▸ BRIEF
Please determine how many lines of the material include the word "Scarf", and respond with nothing but that number.

*** RECORDS FOR THE EXERCISE Section Begins ***

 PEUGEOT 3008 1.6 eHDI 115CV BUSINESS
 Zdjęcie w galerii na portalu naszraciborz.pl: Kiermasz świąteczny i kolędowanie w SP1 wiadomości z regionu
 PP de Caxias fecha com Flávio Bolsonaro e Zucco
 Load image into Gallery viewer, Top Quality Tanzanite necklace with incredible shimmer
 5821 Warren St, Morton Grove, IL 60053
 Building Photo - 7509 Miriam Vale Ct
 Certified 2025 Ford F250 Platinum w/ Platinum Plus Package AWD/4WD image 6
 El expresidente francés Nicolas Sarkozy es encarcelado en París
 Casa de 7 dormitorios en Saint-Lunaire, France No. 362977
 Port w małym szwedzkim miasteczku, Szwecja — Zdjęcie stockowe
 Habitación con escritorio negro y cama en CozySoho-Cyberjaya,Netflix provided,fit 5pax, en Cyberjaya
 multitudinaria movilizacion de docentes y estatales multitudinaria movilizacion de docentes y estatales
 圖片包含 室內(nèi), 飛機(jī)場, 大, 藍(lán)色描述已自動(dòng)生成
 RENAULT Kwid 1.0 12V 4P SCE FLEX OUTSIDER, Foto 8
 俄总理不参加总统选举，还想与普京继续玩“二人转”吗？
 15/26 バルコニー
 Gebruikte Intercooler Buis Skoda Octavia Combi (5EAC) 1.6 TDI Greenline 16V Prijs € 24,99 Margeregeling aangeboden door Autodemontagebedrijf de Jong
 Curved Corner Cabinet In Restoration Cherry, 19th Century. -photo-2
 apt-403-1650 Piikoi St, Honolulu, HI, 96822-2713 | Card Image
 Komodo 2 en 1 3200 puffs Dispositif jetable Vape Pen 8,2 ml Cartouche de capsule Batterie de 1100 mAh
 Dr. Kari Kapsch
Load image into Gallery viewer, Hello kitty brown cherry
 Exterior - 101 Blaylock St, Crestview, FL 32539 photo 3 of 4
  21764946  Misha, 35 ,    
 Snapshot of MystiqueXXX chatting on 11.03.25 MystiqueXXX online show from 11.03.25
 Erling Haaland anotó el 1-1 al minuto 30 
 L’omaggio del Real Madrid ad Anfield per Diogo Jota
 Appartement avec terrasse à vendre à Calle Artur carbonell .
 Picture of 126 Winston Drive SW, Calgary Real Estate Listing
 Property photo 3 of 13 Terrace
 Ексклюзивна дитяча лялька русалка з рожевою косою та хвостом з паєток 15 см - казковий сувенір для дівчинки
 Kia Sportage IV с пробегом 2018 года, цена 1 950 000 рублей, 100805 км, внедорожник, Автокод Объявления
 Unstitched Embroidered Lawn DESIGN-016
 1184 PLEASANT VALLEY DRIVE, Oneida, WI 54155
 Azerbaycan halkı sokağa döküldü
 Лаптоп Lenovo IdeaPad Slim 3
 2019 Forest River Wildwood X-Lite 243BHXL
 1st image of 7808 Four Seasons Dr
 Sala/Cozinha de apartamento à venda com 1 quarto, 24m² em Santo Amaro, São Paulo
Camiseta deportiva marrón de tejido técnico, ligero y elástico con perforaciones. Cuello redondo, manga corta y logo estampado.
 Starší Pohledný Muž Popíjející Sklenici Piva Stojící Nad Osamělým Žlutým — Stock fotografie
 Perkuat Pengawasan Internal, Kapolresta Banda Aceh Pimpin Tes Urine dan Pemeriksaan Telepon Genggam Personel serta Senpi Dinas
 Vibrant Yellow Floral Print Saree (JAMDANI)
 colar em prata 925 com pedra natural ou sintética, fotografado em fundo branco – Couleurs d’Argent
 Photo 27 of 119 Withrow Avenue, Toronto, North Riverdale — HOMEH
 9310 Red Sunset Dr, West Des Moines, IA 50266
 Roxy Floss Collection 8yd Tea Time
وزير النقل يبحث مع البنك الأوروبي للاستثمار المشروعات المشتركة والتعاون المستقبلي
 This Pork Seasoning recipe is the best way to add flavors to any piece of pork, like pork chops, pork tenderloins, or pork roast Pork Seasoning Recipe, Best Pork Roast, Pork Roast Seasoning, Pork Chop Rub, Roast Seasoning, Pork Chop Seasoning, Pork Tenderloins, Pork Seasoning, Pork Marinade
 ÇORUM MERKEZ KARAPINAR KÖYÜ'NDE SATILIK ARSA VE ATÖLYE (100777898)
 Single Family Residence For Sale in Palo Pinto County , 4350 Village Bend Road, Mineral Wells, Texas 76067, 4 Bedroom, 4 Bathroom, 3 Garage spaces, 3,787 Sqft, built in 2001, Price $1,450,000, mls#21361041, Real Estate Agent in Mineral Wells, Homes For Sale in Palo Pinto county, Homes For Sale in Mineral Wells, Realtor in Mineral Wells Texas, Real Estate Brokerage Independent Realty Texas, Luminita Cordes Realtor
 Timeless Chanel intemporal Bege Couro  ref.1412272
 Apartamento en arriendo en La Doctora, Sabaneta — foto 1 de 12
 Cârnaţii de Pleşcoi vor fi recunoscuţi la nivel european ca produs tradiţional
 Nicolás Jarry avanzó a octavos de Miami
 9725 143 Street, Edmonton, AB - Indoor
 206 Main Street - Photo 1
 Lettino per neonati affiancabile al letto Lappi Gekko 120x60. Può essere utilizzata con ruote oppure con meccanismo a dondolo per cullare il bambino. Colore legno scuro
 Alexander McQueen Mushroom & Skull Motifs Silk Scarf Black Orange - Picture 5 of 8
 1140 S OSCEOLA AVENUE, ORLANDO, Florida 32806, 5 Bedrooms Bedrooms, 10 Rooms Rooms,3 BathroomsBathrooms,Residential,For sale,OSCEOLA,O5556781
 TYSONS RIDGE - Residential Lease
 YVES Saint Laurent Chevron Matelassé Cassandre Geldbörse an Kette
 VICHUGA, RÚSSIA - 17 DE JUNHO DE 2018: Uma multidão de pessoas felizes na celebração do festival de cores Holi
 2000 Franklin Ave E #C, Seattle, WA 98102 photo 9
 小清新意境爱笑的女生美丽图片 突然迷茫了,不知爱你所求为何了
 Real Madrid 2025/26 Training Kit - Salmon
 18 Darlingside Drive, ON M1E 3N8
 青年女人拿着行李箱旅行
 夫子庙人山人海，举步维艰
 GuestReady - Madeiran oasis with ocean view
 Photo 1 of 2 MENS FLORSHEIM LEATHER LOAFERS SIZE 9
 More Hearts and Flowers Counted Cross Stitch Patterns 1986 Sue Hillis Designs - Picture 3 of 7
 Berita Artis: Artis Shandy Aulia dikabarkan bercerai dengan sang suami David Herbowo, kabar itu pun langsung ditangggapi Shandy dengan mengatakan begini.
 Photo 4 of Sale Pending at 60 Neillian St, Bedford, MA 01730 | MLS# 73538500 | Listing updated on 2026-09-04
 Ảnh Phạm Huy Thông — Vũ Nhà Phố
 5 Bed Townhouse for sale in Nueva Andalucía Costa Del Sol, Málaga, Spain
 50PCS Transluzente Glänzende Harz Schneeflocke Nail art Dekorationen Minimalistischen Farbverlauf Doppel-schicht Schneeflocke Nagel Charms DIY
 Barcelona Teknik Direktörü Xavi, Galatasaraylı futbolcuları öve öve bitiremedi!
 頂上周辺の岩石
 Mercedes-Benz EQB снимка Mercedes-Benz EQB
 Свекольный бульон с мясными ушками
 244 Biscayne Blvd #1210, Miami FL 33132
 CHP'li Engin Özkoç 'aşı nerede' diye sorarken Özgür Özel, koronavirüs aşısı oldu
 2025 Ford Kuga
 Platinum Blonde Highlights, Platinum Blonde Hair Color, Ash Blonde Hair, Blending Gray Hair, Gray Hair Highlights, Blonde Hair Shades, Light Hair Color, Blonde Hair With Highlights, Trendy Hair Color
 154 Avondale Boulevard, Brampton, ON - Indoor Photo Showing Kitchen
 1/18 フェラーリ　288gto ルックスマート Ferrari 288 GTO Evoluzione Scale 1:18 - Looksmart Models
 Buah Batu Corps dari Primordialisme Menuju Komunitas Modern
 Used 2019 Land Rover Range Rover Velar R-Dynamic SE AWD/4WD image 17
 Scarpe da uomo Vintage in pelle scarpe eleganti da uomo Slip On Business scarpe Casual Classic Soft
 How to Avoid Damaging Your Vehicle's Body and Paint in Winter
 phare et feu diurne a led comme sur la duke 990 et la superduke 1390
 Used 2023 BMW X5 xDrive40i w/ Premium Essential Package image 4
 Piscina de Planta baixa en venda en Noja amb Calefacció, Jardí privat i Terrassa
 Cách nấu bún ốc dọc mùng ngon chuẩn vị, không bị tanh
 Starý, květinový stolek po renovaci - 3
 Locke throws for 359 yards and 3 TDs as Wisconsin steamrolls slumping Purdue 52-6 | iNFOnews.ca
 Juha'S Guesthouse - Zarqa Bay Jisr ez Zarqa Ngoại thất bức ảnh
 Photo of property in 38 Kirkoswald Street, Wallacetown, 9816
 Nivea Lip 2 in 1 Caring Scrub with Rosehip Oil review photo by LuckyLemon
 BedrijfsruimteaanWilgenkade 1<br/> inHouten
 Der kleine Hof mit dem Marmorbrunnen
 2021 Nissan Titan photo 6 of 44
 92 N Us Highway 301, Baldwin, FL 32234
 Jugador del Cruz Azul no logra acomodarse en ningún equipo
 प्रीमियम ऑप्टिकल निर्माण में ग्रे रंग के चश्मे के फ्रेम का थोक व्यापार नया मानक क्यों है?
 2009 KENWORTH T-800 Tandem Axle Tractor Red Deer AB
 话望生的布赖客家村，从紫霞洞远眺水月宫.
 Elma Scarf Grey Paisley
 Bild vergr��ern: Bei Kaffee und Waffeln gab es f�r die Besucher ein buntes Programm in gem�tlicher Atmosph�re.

*** RECORDS FOR THE EXERCISE Section Ends ***

▸ RESPONSE AREA
2